Font Evaluation

The orchestration problem

When you run multiple agents in sequence — one generating a plan, another executing it, a third verifying the result — state management becomes the dominant engineering challenge. Not because it's conceptually hard, but because the failure modes are invisible until production.

Consider a three-agent pipeline:

  1. Planner generates a task decomposition
  2. Executor runs each subtask against the codebase
  3. Verifier checks the output against the original intent
async def run_pipeline(task):
    plan = await planner.generate(task)
    for i, step in enumerate(plan.steps):
        checkpoint = state.snapshot()
        result = await executor.run(step)

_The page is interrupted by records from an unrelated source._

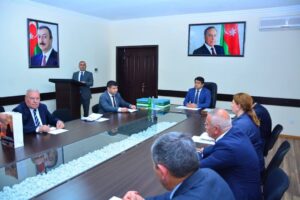 В рамках Года Конституции и суверенитета, объявленного в Азербайджанской Республике в 2025 году, был проведён интеллектуальный конкурс под названием «Суверенитет и территориальная целостность Азербайджана». В рамках Года Конституции и суверенитета, объявленного в Азербайджанской Республике в 2025 году, был проведён интеллектуальный конкурс под названием «Суверенитет и территориальная целостность Азербайджана».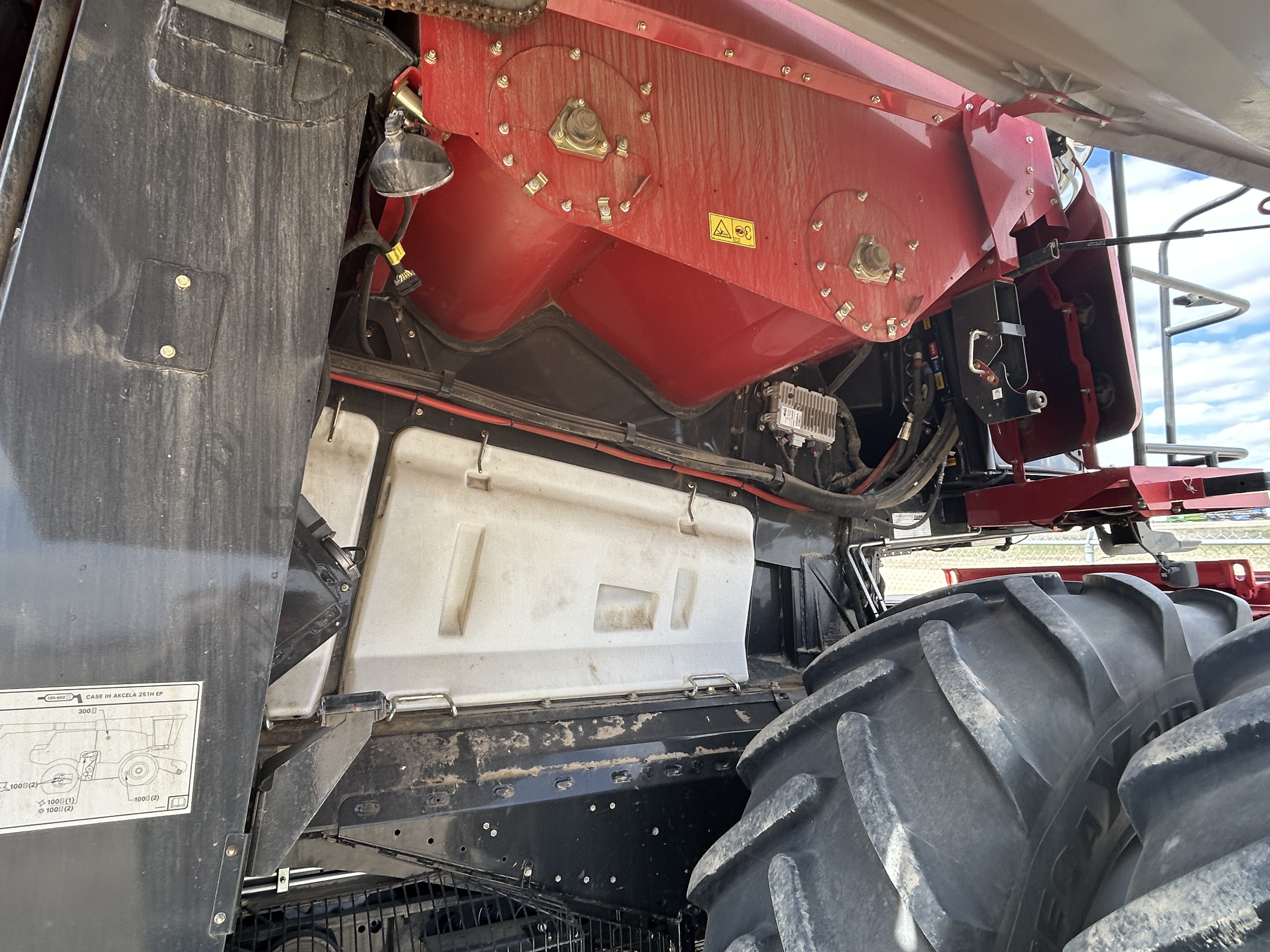 2021 Case IH 7250 Combine
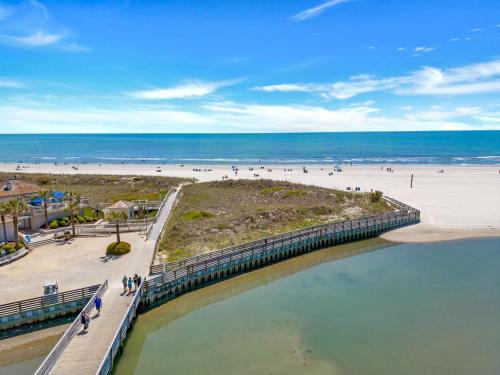 Oceanfront Condo Huge Pools Top Rated Ocean Creek Resort photo 49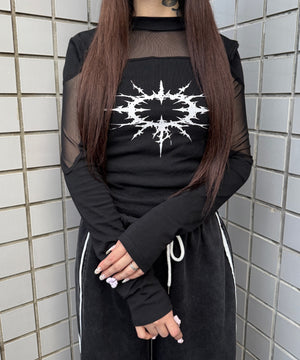 ブラック モデル：159cm F着用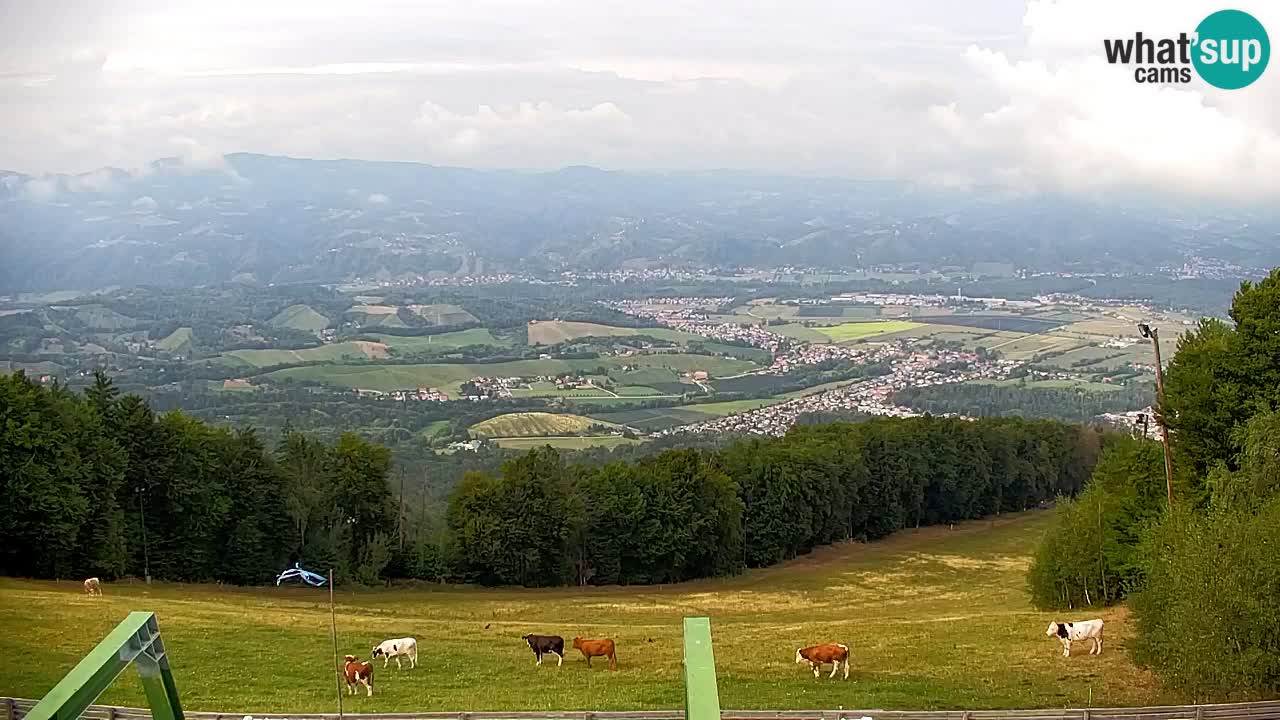 Webcam Pohorje | Estación Inferior de Sleme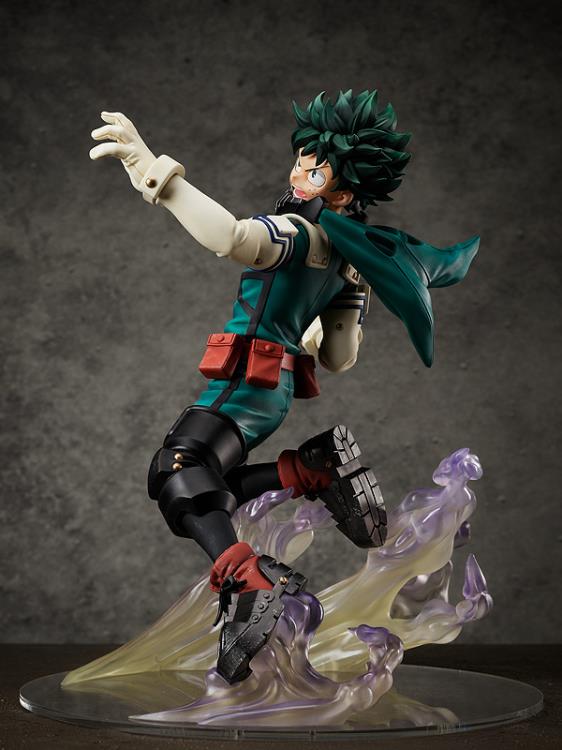My Hero Academia Izuku Midoriya 1/4 Scale Figure Gallery Image 5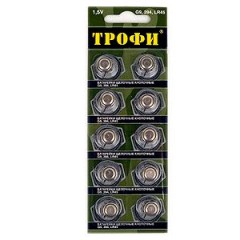 Элемент питания Трофи G11 (361) LR721 LR58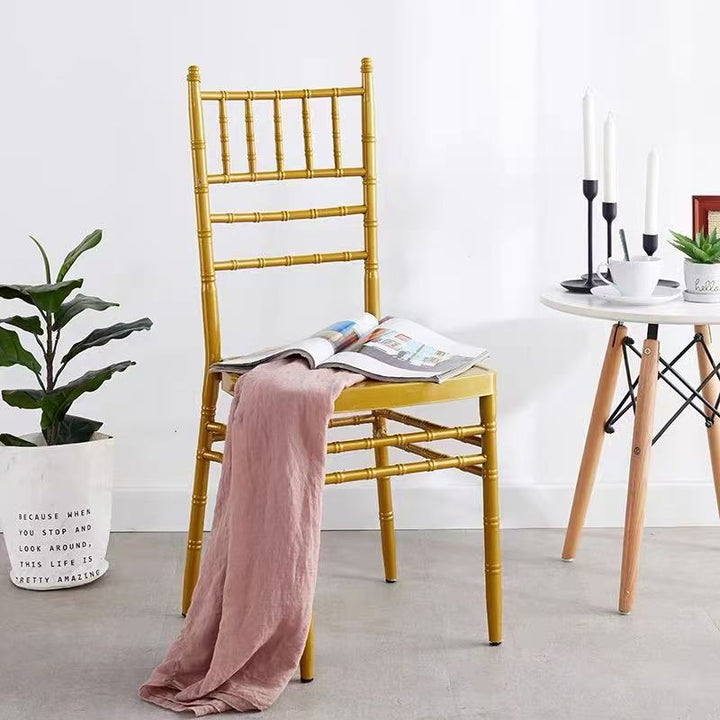 Chic Cross-Back Esszimmerstuhl Karnz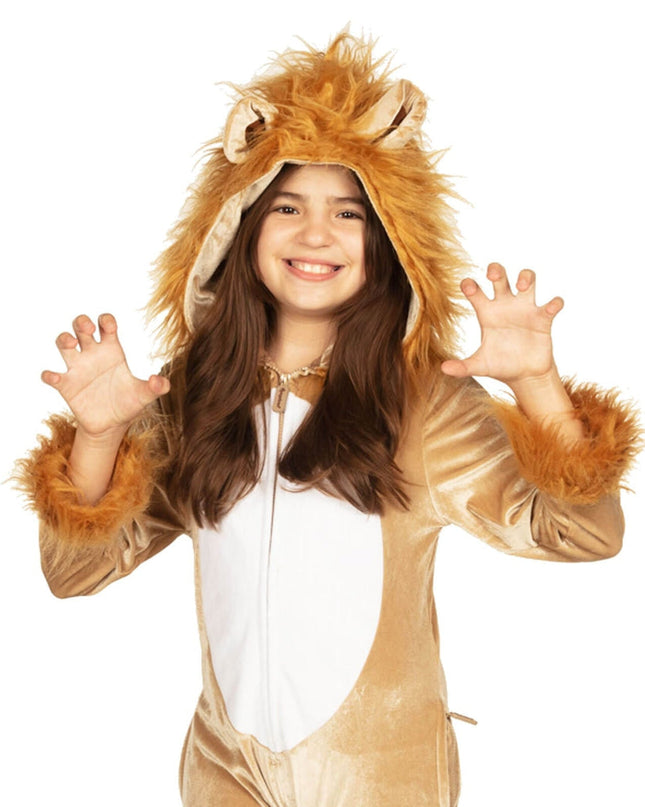 Girl's Lion Costume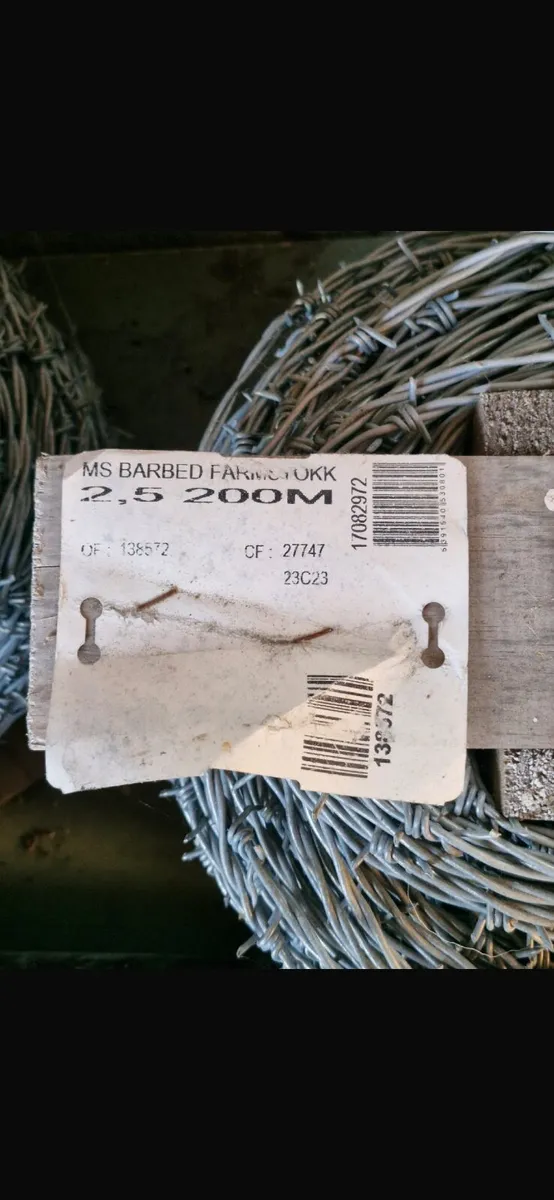 Sheep wire & Barbed Wire - Image 3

        if not await verifier.check(result, step):
            state.restore(checkpoint)
            result = await executor.run(step, retry=True)

The cost of a checkpoint is ~200ms. The cost of a full restart is 30–90 seconds.

MetricWithout checkpointsWith checkpointsChange
Mean completion45s38s−16%
p95 completion180s52s−71%

Checkpoints are the cheapest insurance in agent orchestration. The 200ms overhead per step is invisible. The 30–90s restart cost when you don't have them is not.

What we got wrong

  • Checkpoint size grows. After 50 steps, accumulated snapshots consumed 2GB. We added a sliding window — keep the last 5, evict older ones.
  • The verifier is the bottleneck. Verification took 40% of total pipeline time. We moved to async verification.